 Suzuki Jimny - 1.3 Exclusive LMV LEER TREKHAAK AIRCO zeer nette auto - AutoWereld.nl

++++++++++++++++++++

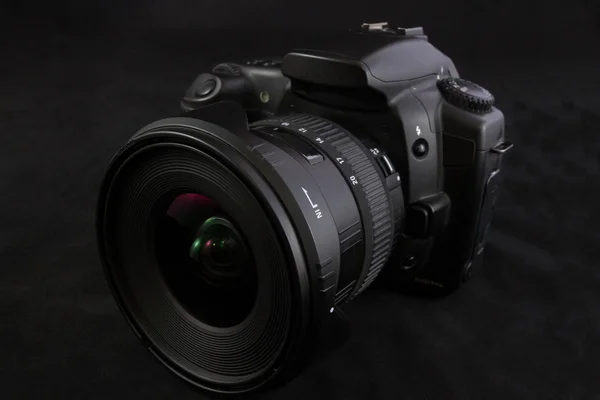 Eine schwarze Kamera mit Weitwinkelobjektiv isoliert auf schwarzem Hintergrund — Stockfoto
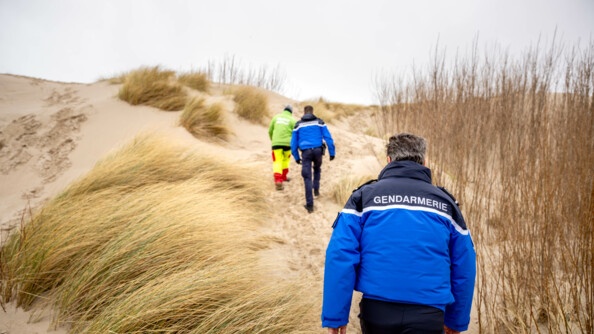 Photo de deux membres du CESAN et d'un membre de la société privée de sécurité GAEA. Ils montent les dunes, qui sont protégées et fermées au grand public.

++++++++++++++++++++

→ Exercise
Using the records above, return verbatim only the part that opens with the line containing "Eine schwarze Kamera" and closes with the line containing "Photo de deux"; pictures stay out.

→ Written response
 Eine schwarze Kamera mit Weitwinkelobjektiv isoliert auf schwarzem Hintergrund — Stockfoto
 Photo de deux membres du CESAN et d'un membre de la société privée de sécurité GAEA. Ils montent les dunes, qui sont protégées et fermées au grand public.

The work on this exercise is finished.